Getting into a discussion or debate between opposing views inevitably plays into the ego game. Games have winners and losers. If opponents decide to play a game that has referees and rules, and agree to abide by those rules, fine. No harm done. The difference is that the ego game, although it also has winners and losers, has no referees or rules. It's more like street fighting. The losers come out of it with feelings of loss, anger, frustration, remorse; the winners come out of it inflated with self-gratification that inspires them to want to play again. The "losers" tend to avoid such contests in the future or try to figure out ways to "get even." The "winners" continue eagerly playing, honing their skills, continually growing their sense of self-importance. On and on it goes, the never ending spiral of samsara. The only way to get ourselves out of it is to say to ourselves, "Stop! Enough!"
Changing someone else must take a backseat to changing ourselves. People won't change themselves, regardless of the help available to them, unless they first want to change. Attempting to help someone who has not recognized suffering and expressed a sincere desire to do something about it is simply pursuing another ego game. It can only cause harm. Remaining silent may offer no help, but at least it also does no harm.
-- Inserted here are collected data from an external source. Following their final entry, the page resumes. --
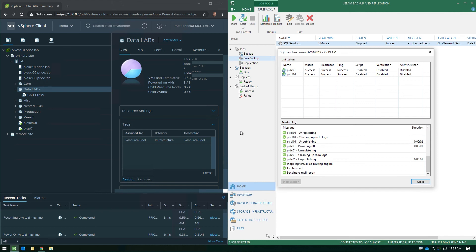Thanks so much for watching this video on how the on-demand sandbox works, and for more videos and great content, check out Veeam.com and locate the Learn section.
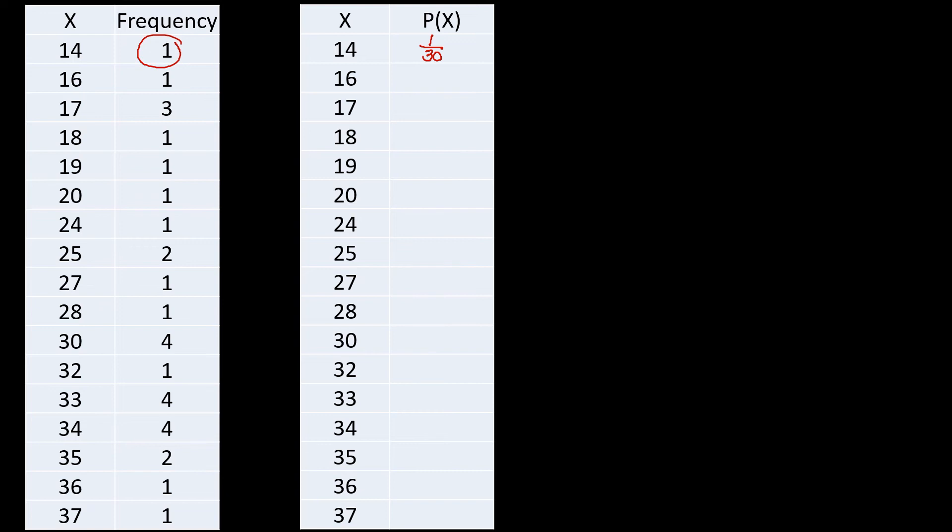So your probability there is one out of 30. So you may convert that one into decimal, so one divided by 30, that will be equal to 0.033. You can have that one as the value, or you may have this fraction here. Next one, for number 16, we have frequency of one, so we have that as one over 30.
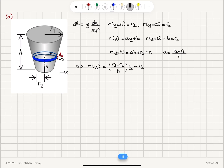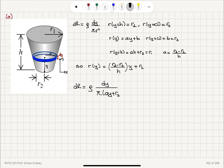We know how the radius varies as a function of y precisely. Now the differential resistance dR is rho dy divided by pi r squared, which is pi times (ay + r2) squared. Keeping a as a and substituting ay + r2 for r, we have dR = rho dy / [pi(ay + r2)²].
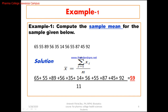Let's see the simplest example. Compute the sample mean for the following data — these are biostatistics continuous assessment scores out of 100 for 11 students, starting from 65, 55, 59, and so on. To calculate the mean, simply add all values: 65 plus 89 plus 56 and so on, then divide by 11. The average score of these 11 students is 59.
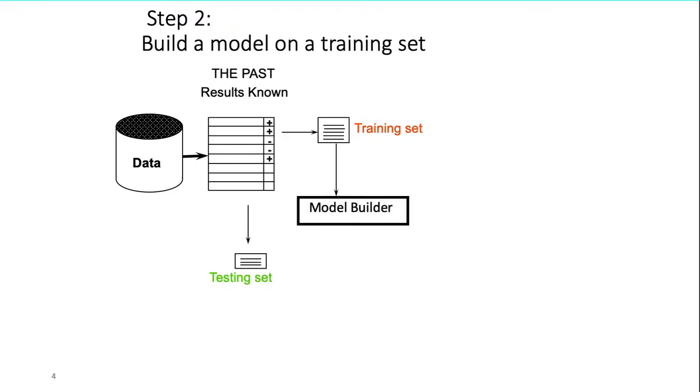Step 2 is build a model on training set. You have the input data together with correct expected output, so you train your algorithm or model builder by pairing the input with expected output. By training set, we build our prediction algorithm model.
Of course there are appropriate times to help others even if they haven't asked for it: in times of extreme danger or threat to the health or survival of another. In times like these, when there is no time to think about the appropriate response, no opportunity to have a contest of egos, action alone determines the Way. There is no time to make judgment or ask permission. There is no "correct" or "incorrect," no winner, no loser. We simply do what is necessary. In such situations, if we have to have a dialogue with ourselves about whether or not to act, then it is unlikely that we will be able to act according to Dharma and it is unlikely that however wedo end up acting will be of much benefit to others or ourselves.
Working attentively at being aware of what is really going on, what our own true motivations are, every moment, is essential to the Dharma of Right Action. It involves the practice of listening rather than preaching, especially listening to that tiny gap that follows the first impulse to act. We ask ourselves at that point if our response to the situation is based on selfless kindness or self-inflation. Zen's Middle Way instructs us to tend our own garden first while being ready, willing, and available to assist our neighbors with theirs when the need arises.
Chan Master Han Shan's works from over 400 years ago still resonate timelessly:
The person who considers himself superior to others constantly renders judgments and perceives differences. He rigidly deals in opposites: good or bad, right or wrong. If he follows his own standards of fairness, he'll have to reject at least half of creation.
A person who follows the Dharma strives to unify himself with the rest of humanity. He doesn't discriminate and is indifferent to qualitative distinctions. He knows that Buddha Nature is the One, Indivisible Reality. A person who follows the Dharma strives to remain ever conscious of his inclusion in that One.